DC’s event series for 2014 took a look 35 years into the future of Prime Earth, where a war across the multiverse has left a new threat headed to a now vulnerable planet. Batman Beyond is sent back in time to stop the evil events from transpiring, but arrives five years too late (which is actually five years from NOW). Essentially, this new initiative attempts to explore what the DCU will look like five years from now, giving readers a glimpse into what may be when they get to that actual point in time. Talk about high concept, right?

While these types of events can get exceptionally difficult to keep track of, the ambition of the event is both interesting and controversial, as some feel it’s more of a “what if?” game than an actual glimpse into the future. While that may be true in some ways, it’s still a fun concept and one that creates an air of mystery as stories unravel between now and the next five years. A tall order to pay off, but the ambiguity of it all is hard to turn away from. If you feel like there’s too much to follow, I’d advise just sticking to the books that have your favorite characters and roll with it. Either way, there’s fun to be had.

#9 Original Sin

The first big “event” series from Marvel in 2014 was also the more intriguing (much more so than the currently running Axis). Written by Jason Aaron (Scalped, Thor, Southern Bastards) and drawn with intense technical style by Mike Deodato Jr., Original Sin saw the assassination of The Watcher AKA Uatu, a supreme celestial being who is present to “watch” over Earth and to serve as a guide/observer, setting off a superhero murder/mystery tale that was nice departure from the usual “big” events that typically involve any and all superhero’s present. The Watcher’s eyes were removed upon his death, giving the assassins the ability to “see” all that The Watcher has seen for billions of years, revealing the secrets (and sins) of many of Earth’s “mightiest” heroes.

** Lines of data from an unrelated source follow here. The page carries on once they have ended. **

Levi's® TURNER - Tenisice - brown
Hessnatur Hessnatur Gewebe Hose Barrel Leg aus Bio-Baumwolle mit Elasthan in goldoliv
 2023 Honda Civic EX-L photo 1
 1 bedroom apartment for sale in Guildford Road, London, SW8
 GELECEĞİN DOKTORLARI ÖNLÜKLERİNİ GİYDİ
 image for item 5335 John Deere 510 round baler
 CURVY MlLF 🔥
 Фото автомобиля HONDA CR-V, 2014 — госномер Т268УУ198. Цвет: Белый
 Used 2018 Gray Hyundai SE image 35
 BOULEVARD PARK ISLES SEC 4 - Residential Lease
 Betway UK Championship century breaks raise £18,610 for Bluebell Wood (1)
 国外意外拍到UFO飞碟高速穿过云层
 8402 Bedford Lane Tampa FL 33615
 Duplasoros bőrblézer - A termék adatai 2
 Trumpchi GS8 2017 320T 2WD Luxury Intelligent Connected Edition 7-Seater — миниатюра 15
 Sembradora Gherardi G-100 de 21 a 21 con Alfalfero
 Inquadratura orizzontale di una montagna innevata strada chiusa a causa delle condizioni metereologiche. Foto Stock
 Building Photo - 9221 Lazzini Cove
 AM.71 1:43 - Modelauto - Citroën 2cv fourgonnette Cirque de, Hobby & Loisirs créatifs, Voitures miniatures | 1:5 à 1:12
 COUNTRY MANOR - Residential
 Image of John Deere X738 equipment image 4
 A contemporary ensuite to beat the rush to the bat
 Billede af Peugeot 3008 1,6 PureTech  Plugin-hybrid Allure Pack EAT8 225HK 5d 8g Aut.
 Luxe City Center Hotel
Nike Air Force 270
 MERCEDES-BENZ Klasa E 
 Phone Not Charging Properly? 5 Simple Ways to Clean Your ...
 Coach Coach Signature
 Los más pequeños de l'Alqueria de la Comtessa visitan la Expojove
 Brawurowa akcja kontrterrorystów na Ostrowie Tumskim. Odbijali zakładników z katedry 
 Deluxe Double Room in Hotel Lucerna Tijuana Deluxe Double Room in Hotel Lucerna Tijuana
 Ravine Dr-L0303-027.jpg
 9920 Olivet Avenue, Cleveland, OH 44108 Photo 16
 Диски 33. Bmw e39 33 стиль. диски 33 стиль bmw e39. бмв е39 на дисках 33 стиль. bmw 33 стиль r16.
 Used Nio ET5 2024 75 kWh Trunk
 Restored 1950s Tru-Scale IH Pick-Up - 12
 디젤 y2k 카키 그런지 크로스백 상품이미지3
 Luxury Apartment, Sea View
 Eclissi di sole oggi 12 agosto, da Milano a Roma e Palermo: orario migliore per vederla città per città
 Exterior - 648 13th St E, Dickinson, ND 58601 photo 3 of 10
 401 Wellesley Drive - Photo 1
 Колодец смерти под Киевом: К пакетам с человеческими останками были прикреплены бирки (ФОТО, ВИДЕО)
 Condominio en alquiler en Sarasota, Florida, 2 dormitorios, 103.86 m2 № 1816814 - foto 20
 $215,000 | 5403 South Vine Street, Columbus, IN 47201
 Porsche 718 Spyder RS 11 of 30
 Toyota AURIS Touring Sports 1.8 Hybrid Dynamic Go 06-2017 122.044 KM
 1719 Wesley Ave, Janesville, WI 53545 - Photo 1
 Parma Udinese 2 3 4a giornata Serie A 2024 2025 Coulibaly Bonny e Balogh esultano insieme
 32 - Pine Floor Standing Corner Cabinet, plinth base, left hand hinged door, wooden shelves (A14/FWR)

As the heroes begin to uncover the mystery, they find that one of the most trusted among them, Nick Fury, is behind a much larger galactic cover up than they’d ever imagined. When it’s all said and done, Original Sin gave a good status quo shake up, leaving at least one age-old hero dead, another powerless, and another with an all new space-bound mission. A fun mystery adventure that was more than just another even tale, but one that left some interesting ripples in the Marvel universe.

#10 Dark Horse adapts Lucas’ original Star Wars script

Much has been made of George Lucas’ original screenplay to Star Wars, entitled “The Star Wars,” which varied greatly from the first big-screen iteration we saw in 1977’s STAR WARS: EPISODE IV – A NEW HOPE. Adapted by J. W. Rinzler and drawn by Mike Mayhew (purposely done in the style of Ralph McQuarrie and Joe Johnston), the take is almost like an alternate reality version of Star Wars, in which the old sage character is Luke Skywalker rather than Obi-Wan Kenobi and the young Jedi in training is Annikin Starkiller.

From there, the story takes off in a very different direction that what we saw on the big screen, but with a ton of nods to familiar faces and places that leave you with a picture of what could’ve been had the films not eventually been broken down to a series of films rather than one big epic. The 8-issue series is a lot of fun and it’s great to see the alternate versions of fan favorites come to life, especially as it represents Lucas’ early vision for this universe. A must-read for serious Star Wars fans.